Un appel pour fédérer et partager les expériences réussies
À l’ESCP Europe, Aurélien Acquier et ses collègues ont réussi à faire d’une pierre deux coups. Ils ont proposé un séminaire transversal aux 400 nouveaux étudiants sur les enjeux climat et énergie. Grâce à cet événement, ils ont réussi à mobiliser les professeurs de toutes les disciplines : marketing, finance ou chaine d’approvisionnement. "Il faut voir les enjeux climatique, énergétique ou de biodiversité comme une opportunité de construire une transversalité dans nos formations", explique l’enseignant.

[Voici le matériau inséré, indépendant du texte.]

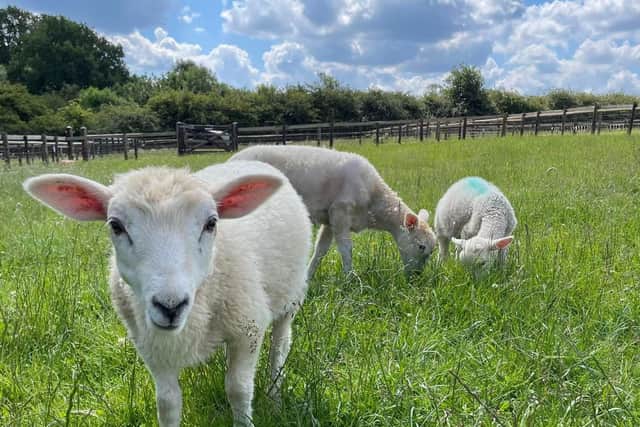 Easter has come early at Mini Meadows Farm in Northamptonshire.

Reste maintenant à savoir ce qu’il adviendra de cet appel du Shift Project qui rencontre un succès inattendu. Pour ces enseignants-chercheurs ou directeurs d’établissement, c’est à l’évidence l’occasion de se fédérer et de sortir de l’isolement dans lequel ils pensaient être. Quant à l’État, certains espèrent qu’il proposera des grilles liés aux enjeux climatiques et économiques dans l’évaluation des programmes. Mais attention à ne pas braquer le corps professoral. "Les enseignants sont attachés à leur autonomie. L’État peut suggérer mais pas obliger…", glisse Nicolas Gourdain.